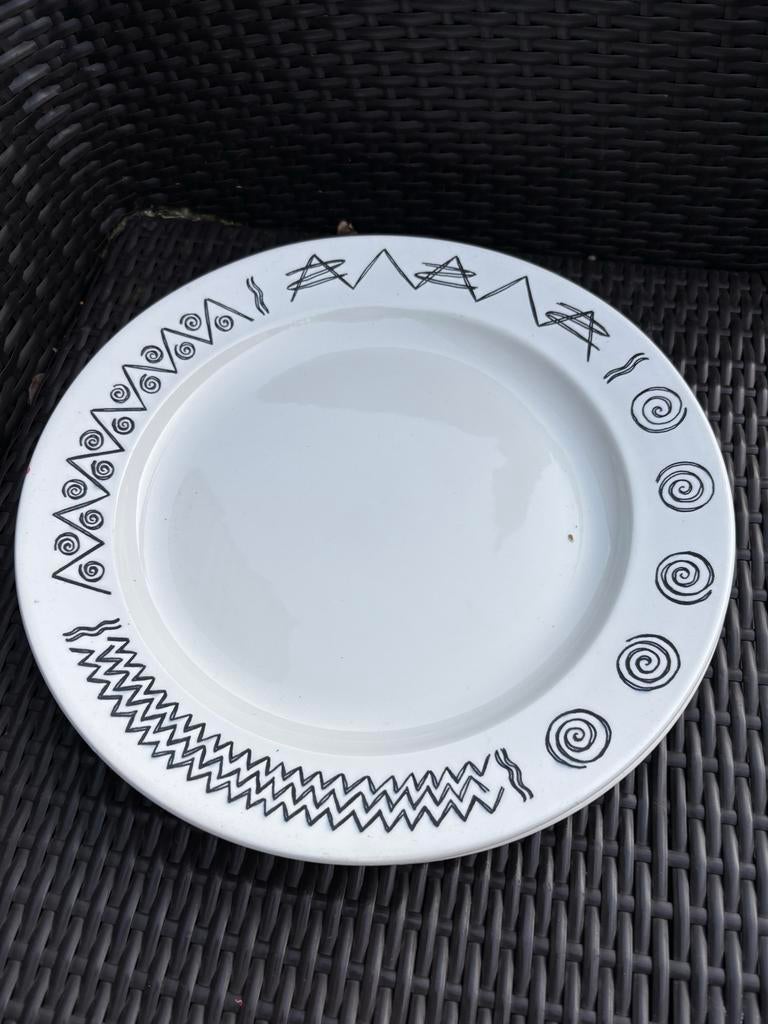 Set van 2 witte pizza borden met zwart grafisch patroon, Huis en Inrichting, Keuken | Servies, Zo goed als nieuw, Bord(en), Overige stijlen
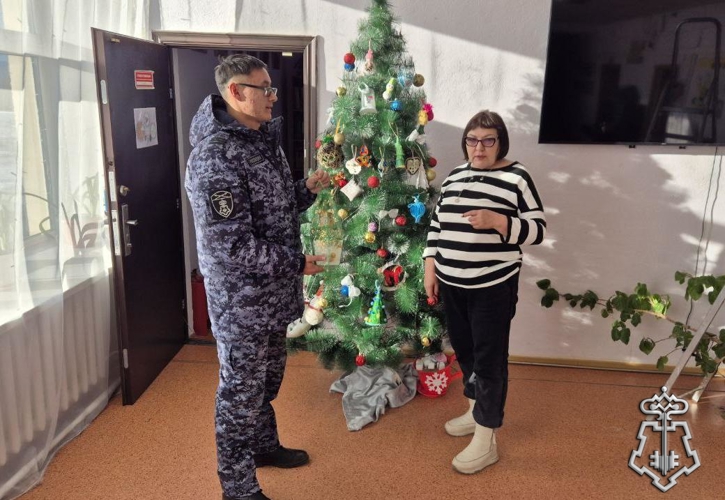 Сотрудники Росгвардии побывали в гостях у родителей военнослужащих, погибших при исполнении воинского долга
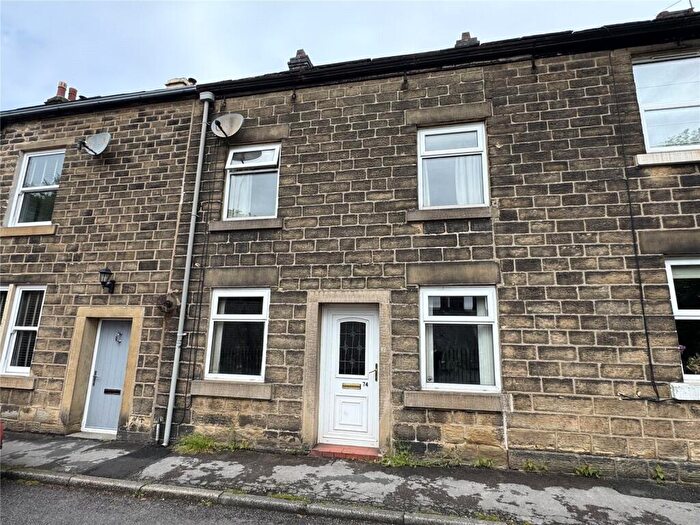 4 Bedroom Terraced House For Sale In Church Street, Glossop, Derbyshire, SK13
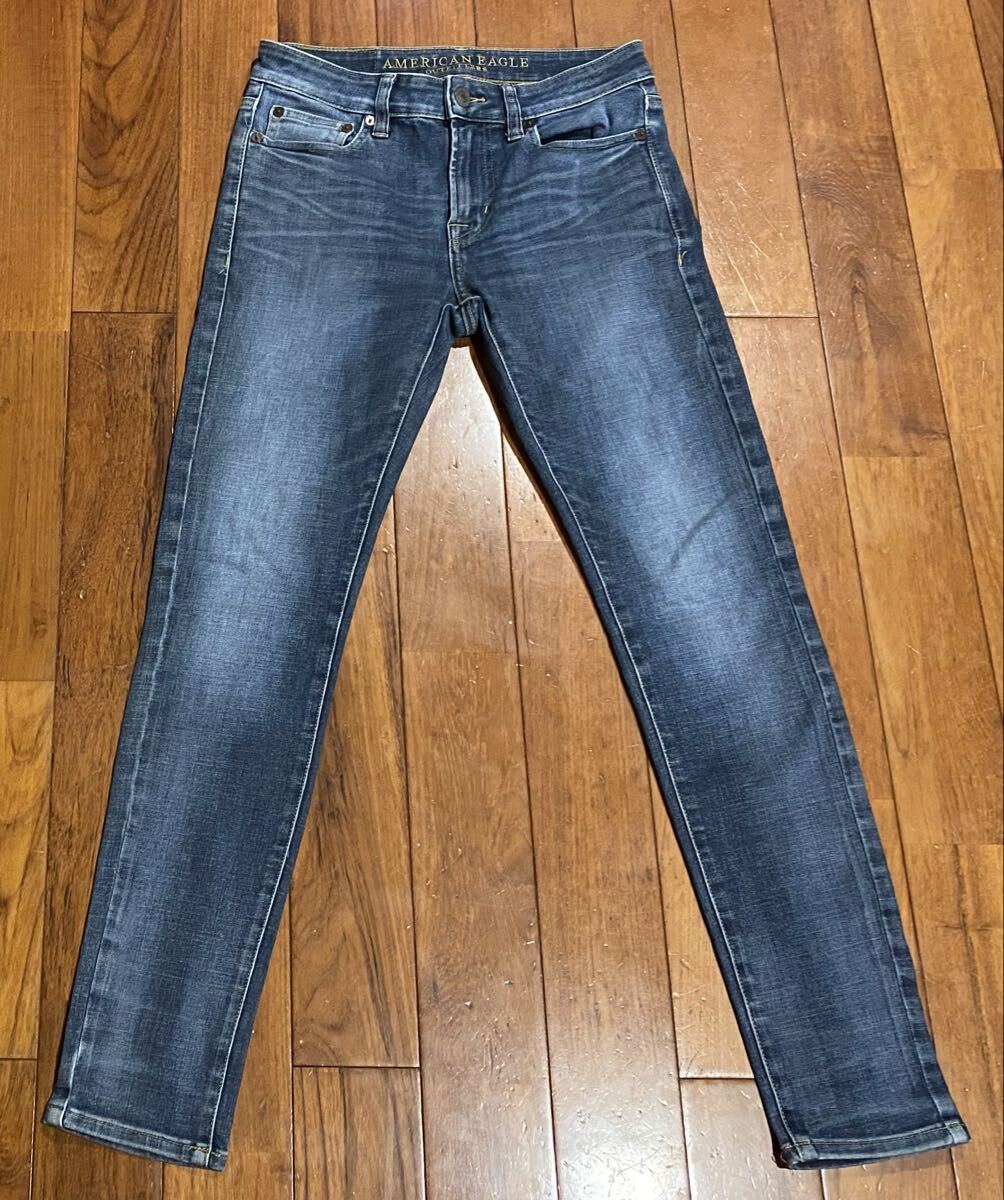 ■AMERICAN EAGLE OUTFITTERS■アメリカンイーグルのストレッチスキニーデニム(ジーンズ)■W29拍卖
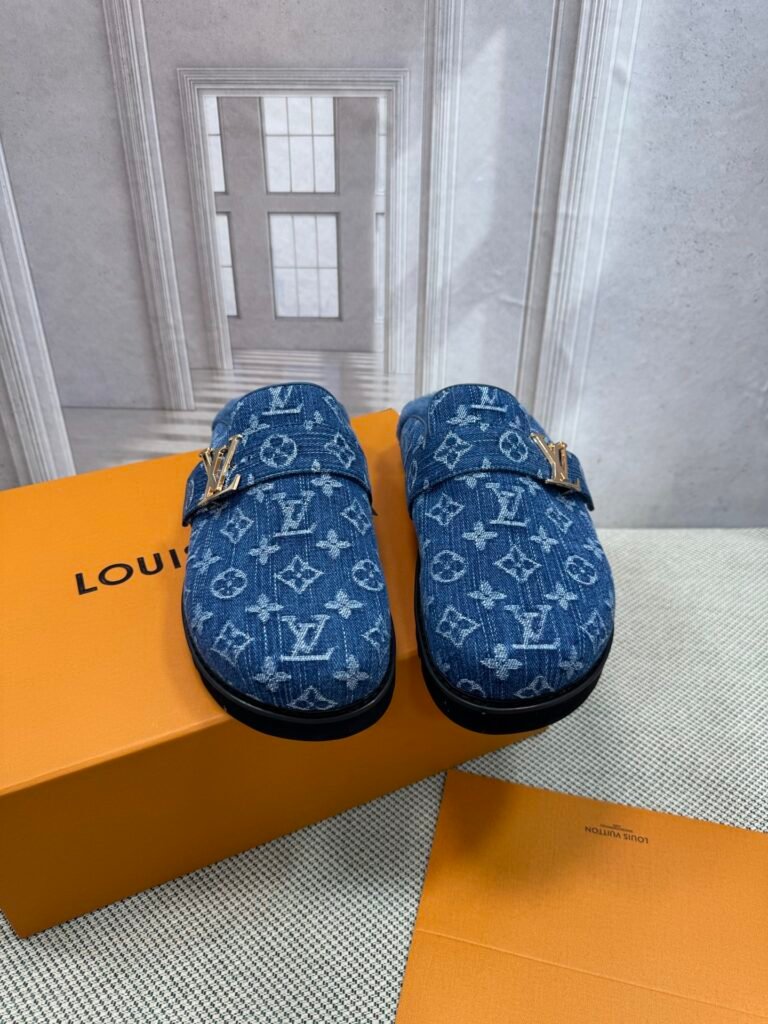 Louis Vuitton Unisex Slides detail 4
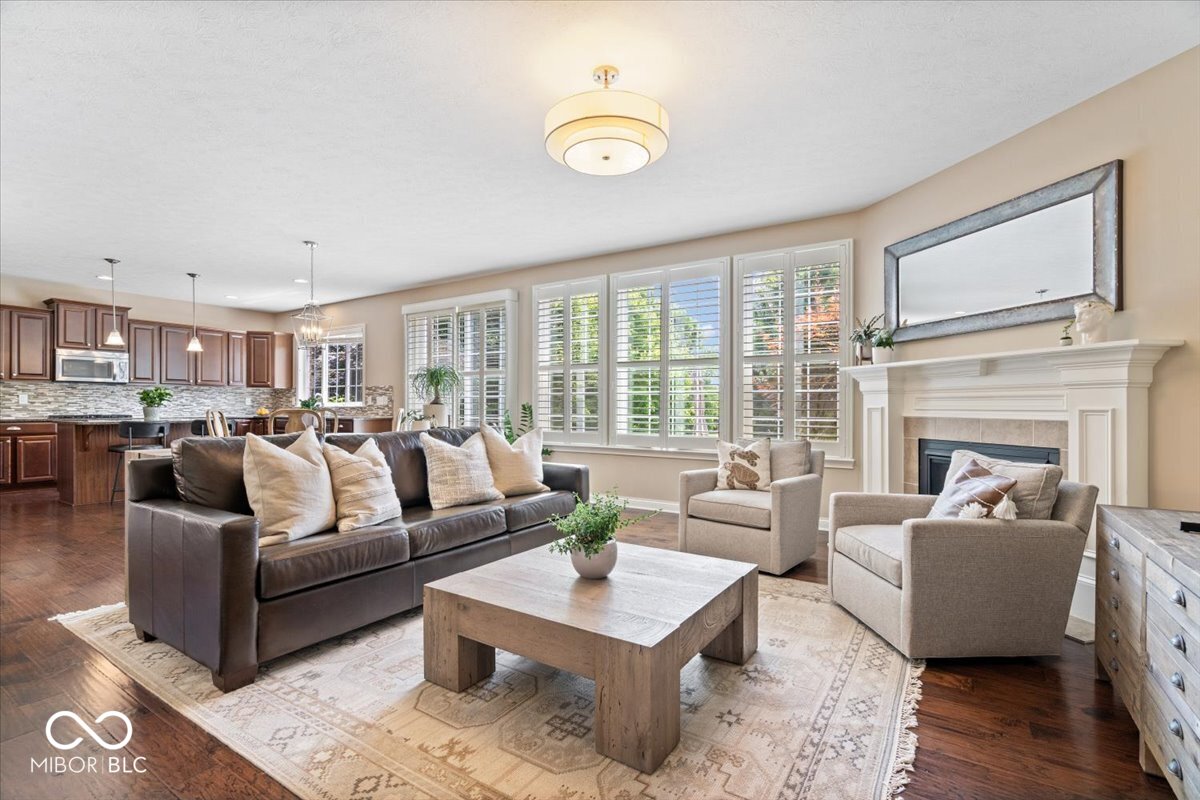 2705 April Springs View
★ ★ ★ ★
* _ACTIVITY_:
Reproduce, unchanged, each line between the one with "Сотрудники Росгвардии побывали" and the last line of the material, both included; the pictures do not go in.

* _COMPLETED EXERCISE_:
 Сотрудники Росгвардии побывали в гостях у родителей военнослужащих, погибших при исполнении воинского долга
 4 Bedroom Terraced House For Sale In Church Street, Glossop, Derbyshire, SK13
 ■AMERICAN EAGLE OUTFITTERS■アメリカンイーグルのストレッチスキニーデニム(ジーンズ)■W29拍卖
 Louis Vuitton Unisex Slides detail 4
 2705 April Springs View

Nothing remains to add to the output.